Model size Minimum GPU configuration Minimum VRAM required
7B models
(for example, Mistral 7B)
1x NVIDIA A100 (40GB) 35 GB
22B models
(for example, Codestral 22B)
2x NVIDIA A100 (80GB) 110 GB
Mixtral 8x7B 2x NVIDIA A100 (80GB) 220 GB
Mixtral 8x22B 8x NVIDIA A100 (80GB) 526 GB

Use Hugging Face’s memory utility to verify memory requirements.

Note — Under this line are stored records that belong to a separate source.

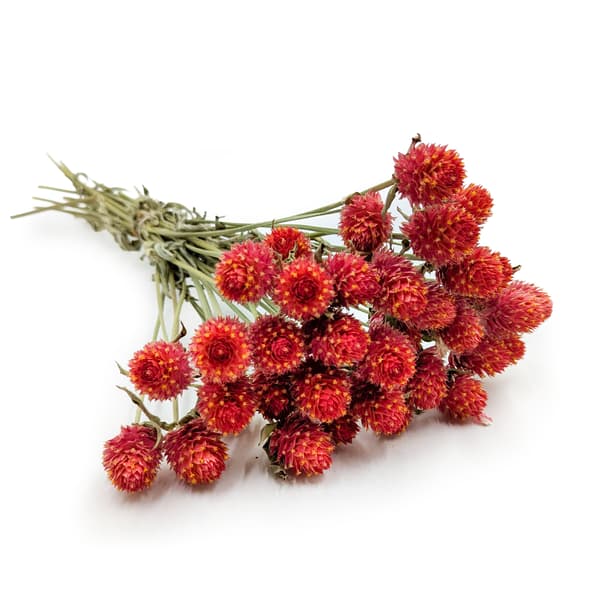Torkad Gomphrena Globulus - Bukett - (Kulformad evig) - Apelsin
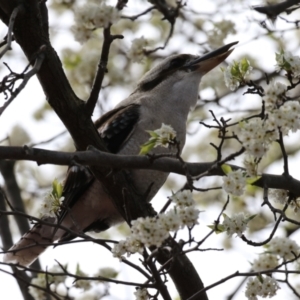 Dacelo novaeguineae at Greenway, ACT - 4 Sep 2022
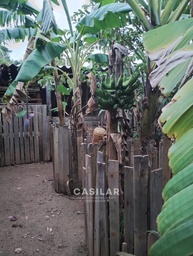 Chácara de 1 quarto, 180m² no bairro Recanto Silvana, em Jarinu | Eu Corretor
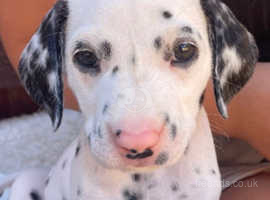 8 Dalmatian puppies for sale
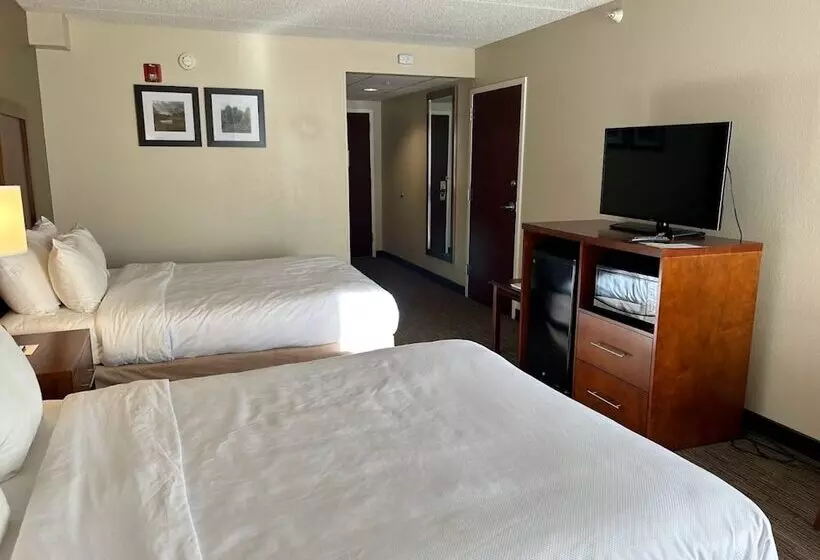 酒店 Comfort Inn & Suites Oxford South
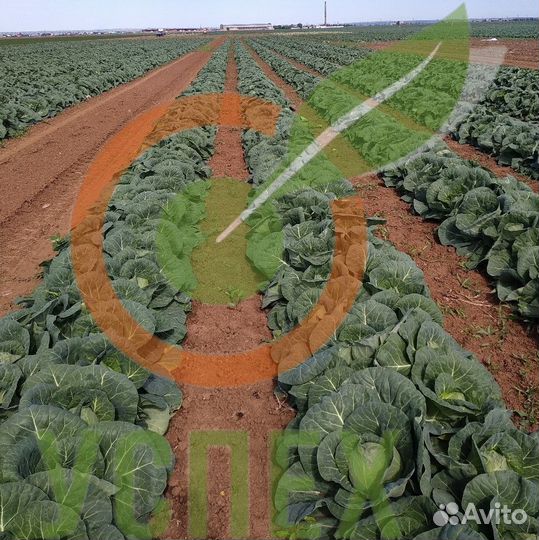 Семена белокочанной капусты Примавера F1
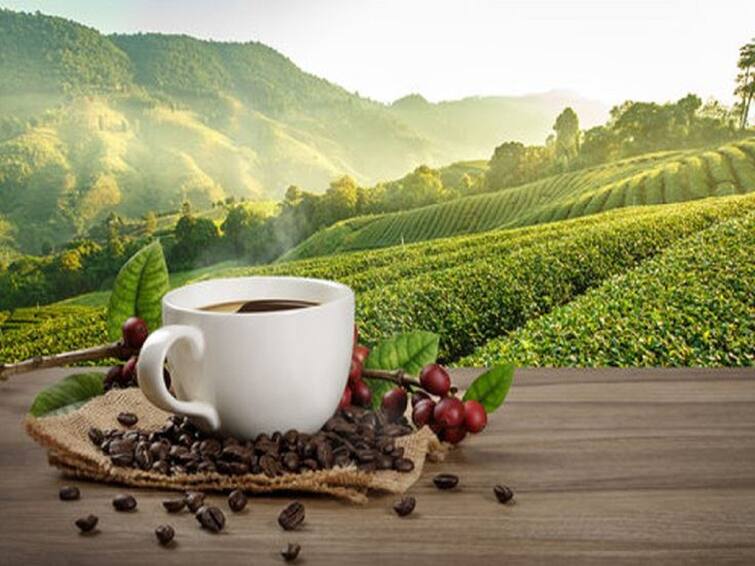 Here Is A Coffee Lovers Guide To The Best Coffee Plantations In India Food Tips: காஃபி பிரியரா நீங்கள்? இந்தியாவின் சிறந்த காஃபி தோட்டங்களை பார்வையிடலாமே?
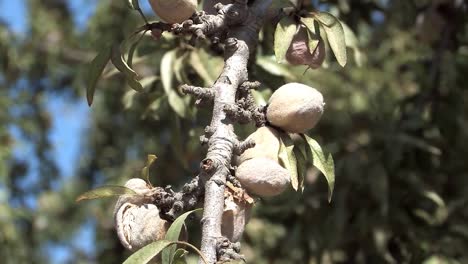 Nahaufnahme-Von-Mandeln-Am-Baum,-Kalifornien,-USA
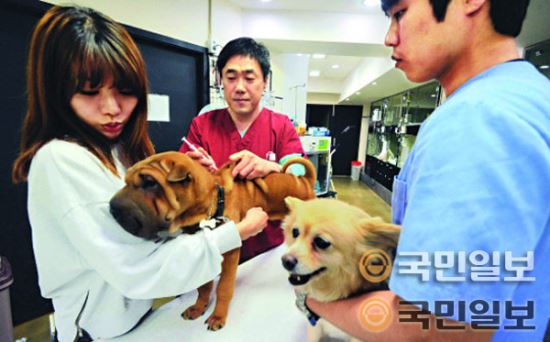 최근 서울 서초구 방배동 한 동물병원에서 수의사들이 애완견에게 광견병 예방접종을 하고 있다. 곽경근 선임기자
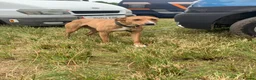 Lurcher dogs for sale: 6 beautiful collie whippet grey x bull greys  - Advert 9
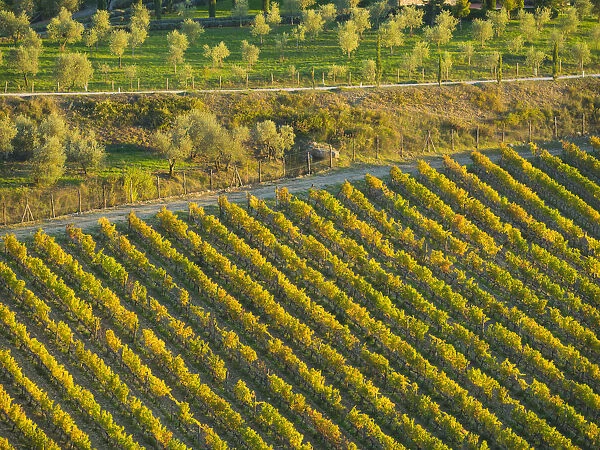 Italy, Tuscany. Autumn vineyards in the Chianti region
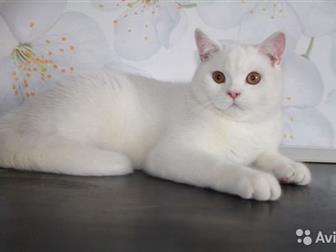 Marshmallow       ,   ,  ,     9   6300,  ,  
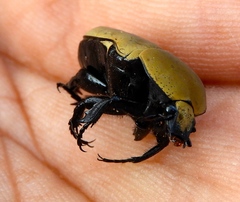 Hologymnetis cinerea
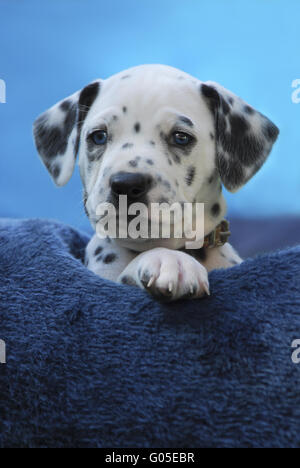 Chiot dalmatien, blue-eyed Banque D'Images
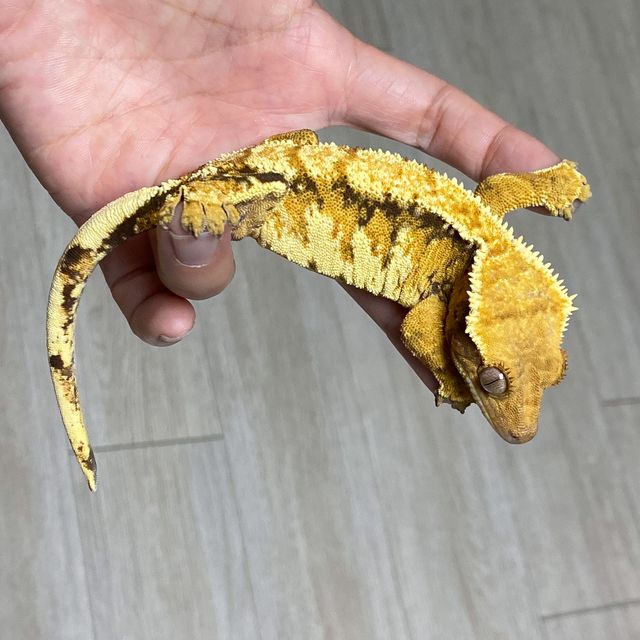 트라이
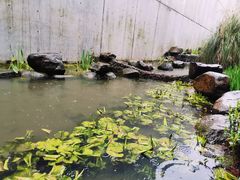 -中国湿地博物馆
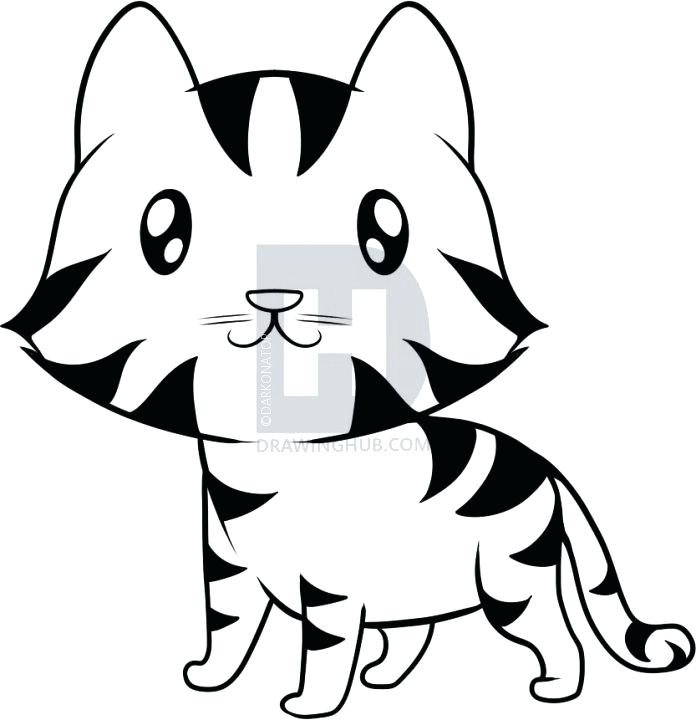 696x720 Draw Tiger For Kids Step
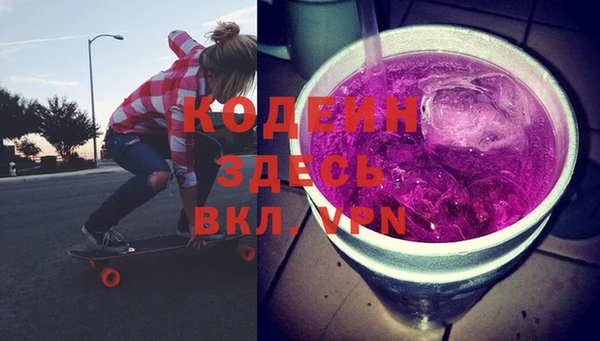 дживик Инта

Response time by model size and GPU

Small machine

With a a2-highgpu-2g (2x Nvidia A100 40 GB - 150 GB vRAM) or equivalent:

Model name Number of requests Average time per request (sec) Average tokens in response Average tokens per second per request Total time for requests Total TPS
Mistral-7B-Instruct-v0.3 1 7.09 717.0 101.19 7.09 101.17
Mistral-7B-Instruct-v0.3 10 8.41 764.2 90.35 13.70 557.80
Mistral-7B-Instruct-v0.3 100 13.97 693.23 49.17 20.81 3331.59

Medium machine

With a a2-ultragpu-4g (4x Nvidia A100 40 GB - 340 GB vRAM) machine on GCP or equivalent:

Model name Number of requests Average time per request (sec) Average tokens in response Average tokens per second per request Total time for requests Total TPS
Mistral-7B-Instruct-v0.3 1 3.80 499.0 131.25 3.80 131.23
Mistral-7B-Instruct-v0.3 10 6.00 740.6 122.85 8.19 904.22
Mistral-7B-Instruct-v0.3 100 11.71 695.71 59.06 15.54 4477.34
Mixtral-8x7B-Instruct-v0.1 1 6.50 400.0 61.55 6.50 61.53
Mixtral-8x7B-Instruct-v0.1 10 16.58 768.9 40.33 32.56 236.13
Mixtral-8x7B-Instruct-v0.1 100 25.90 767.38 26.87 55.57 1380.68

Large machine

With a a2-ultragpu-8g (8 x NVIDIA A100 80 GB - 1360 GB vRAM) machine on GCP or equivalent:

Model name Number of requests Average time per request (sec) Average tokens in response Average tokens per second per request Total time for requests (sec) Total TPS
Mistral-7B-Instruct-v0.3 1 3.23 479.0 148.41 3.22 148.36
Mistral-7B-Instruct-v0.3 10 4.95 678.3 135.98 6.85 989.11
Mistral-7B-Instruct-v0.3 100 10.14 713.27 69.63 13.96 5108.75
Mixtral-8x7B-Instruct-v0.1 1 6.08 709.0 116.69 6.07 116.64
Mixtral-8x7B-Instruct-v0.1 10 9.95 645.0 63.68 13.40 481.06
Mixtral-8x7B-Instruct-v0.1 100 13.83 585.01 41.80 20.38 2869.12
Mixtral-8x22B-Instruct-v0.1 1 14.39 828.0 57.56 14.38 57.55
Mixtral-8x22B-Instruct-v0.1 10 20.57 629.7 30.24 28.02 224.71
Mixtral-8x22B-Instruct-v0.1 100 27.58 592.49 21.34 36.80 1609.85

AI Gateway Hardware Requirements

For recommendations on AI gateway hardware, see the AI gateway scaling recommendations.